The three doctors of Peter Facinelli - the Good, the Bad and the Ugly
I watched Countdown the other night — mostly for Peter Facinelli. I wanted to see him outside of Twilight, outside of the angelic glow of Carlisle Cullen. What I got instead was Dr. Sullivan: a predator in a lab coat, so flatly written it was almost absurd.
And yet — something about it stuck with me and now I can't stop thinking about it.
Facinelli has played three doctors (that I am aware of): Carlisle, Fitch, and Sullivan.
Carlisle — the good one, the myth.
Fitch — the strange, clingy one, both cringe and endearing. I’ve met people like him, that confusing mix where you can’t decide whether you like them or want to run away.

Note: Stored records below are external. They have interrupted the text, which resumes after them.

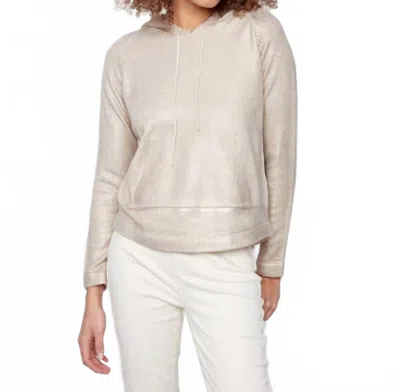Charlie B Metallic Knit Hoodie Sweater In Champagne In Neutral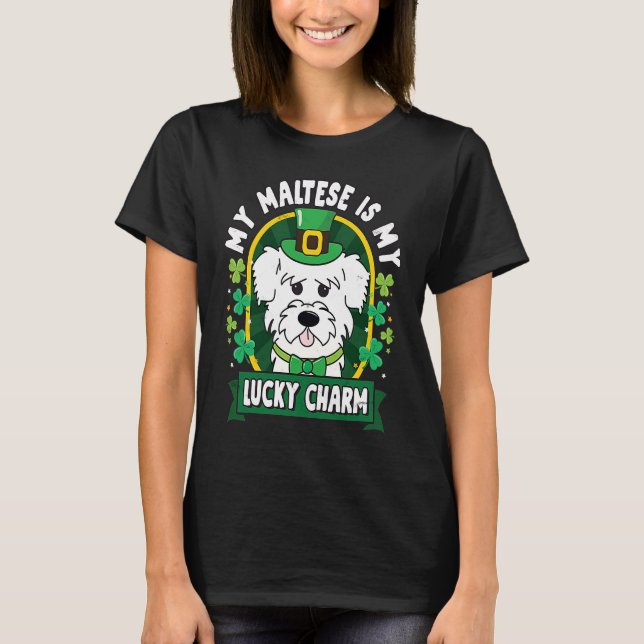 Camiseta Maltese St Patricks Lucky Charm Mom Dad (Anverso)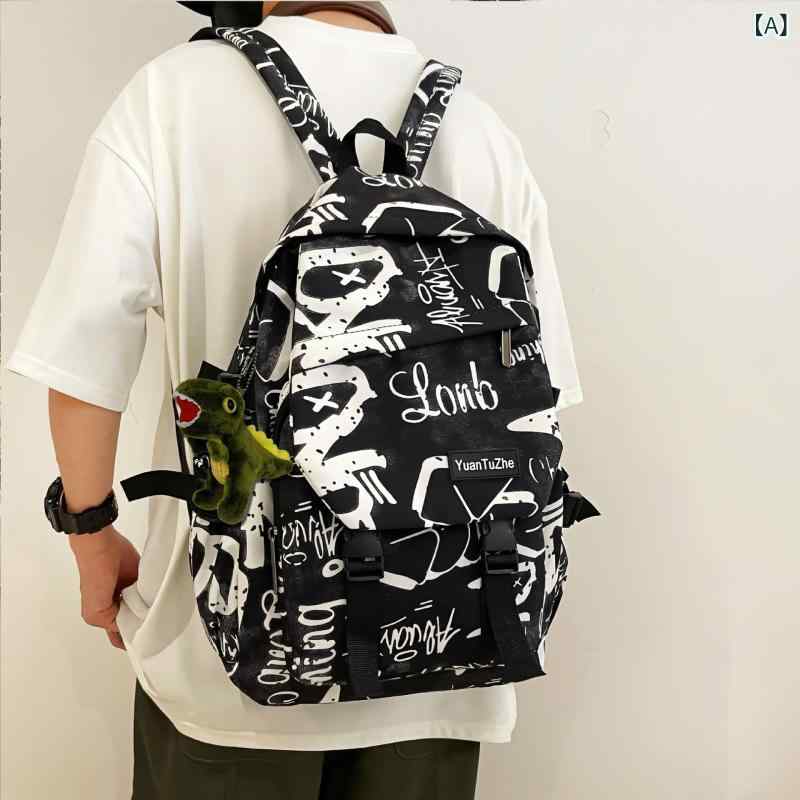 Tote Bag - メンズ リュックサック バックパック 鞄 男性用 大学生 初中生 ストリート 潮流 街頭 大容量 20-35L 15インチ ノートPC対応 牛津布 ポリエステル 裏地 気垫背帶 背骨保護 切り替え プリント カーソライン ブラック ホワイト ブルー 春季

And then there’s Sullivan — the bad one.
And here’s the part that unsettled me: I’ve met men like him too.
Ordinary ones, without that level of beauty. When they crossed a line, I reacted like Quinn, the main girl — disgust, indignation, fear.
But if those same men had looked like Sullivan — if they had his calm arrogance, his voice, his ease — would I have reacted the same way?

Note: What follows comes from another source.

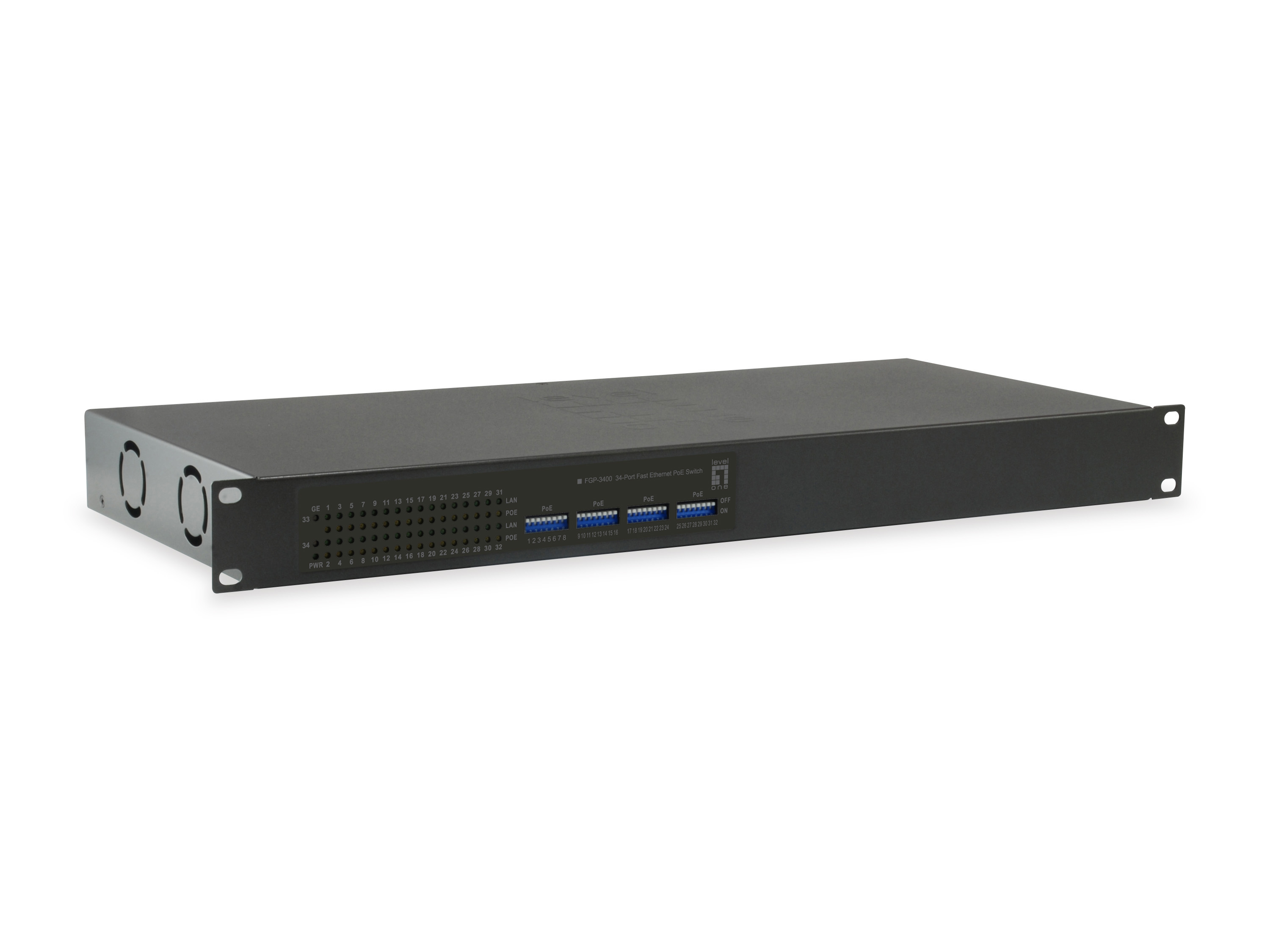 Uno switch di rete nero con 24 porte ed etichette per PoE e LAN. Ha due aperture per ventole sul lato.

Would I have felt assaulted? Or chosen?
That’s the monstrous part of attraction.
When the monster is beautiful, something in us hesitates.
The moral alarm pauses for half a heartbeat, just long enough to wonder if danger can also be desire.
And that’s why Countdown failed for me — not because it was bad, but because it didn’t understand its own truth.
A man who looks like that wouldn’t need to chase anyone.
If he did, it wouldn’t be out of hunger. It would be out of habit — a dormant monster, not cured by getting what he wants, only quieted by it.
Maybe that’s why his story lingers with me.
Because sometimes what scares us most isn’t the demon in the dark.
It’s the beautiful man we wouldn’t have run from.
And now I feel like I am the monster somehow.